If Trump chooses someone who opposes campaign finance restrictions, the 6-person agency would be tilted 4-2 against doing anything to stop secret contributions or legalized bribery.
That would mean more special interest influence in elections, less transparency, and fewer independently-minded politicians.
But the Federal Election Commission could actually take steps to fight Big Money.

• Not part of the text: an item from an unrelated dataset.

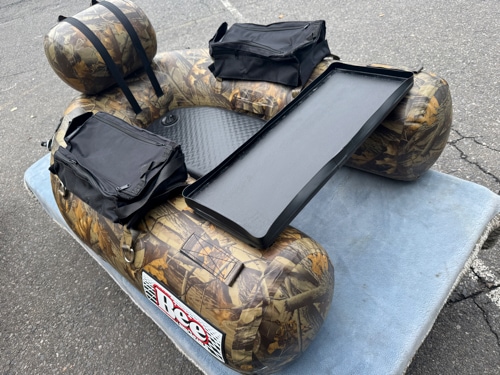 BEEボート フローター BEE130U-TF タフボディー バイソンウェーブ 限定カモカラー・軽量オール無し/BEE130U-TF タフボディー | BEE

They could require all election spending to be disclosed, effectively fixing the “dark money" problem.2 Or they could take on super PACs by forcing them to stay independent from political campaigns.3
This is a monumental decision that will have major implications for our elections and our democracy.
On the campaign trail, Trump made it clear that he understands the power big donors have over politicians.4 Choosing an FEC Commissioner who believes in enforcing campaign finance laws and draining the swamp is the first step towards bringing power back to ordinary people.
- Bloomberg: "FEC's Direction in Doubt After Ravel's Departure"
- Washington Post: "How the FEC can stop the tidal wave of secret political cash"
- ABC News: "Donald Trump's Surprisingly Honest Lessons on Money in Politics"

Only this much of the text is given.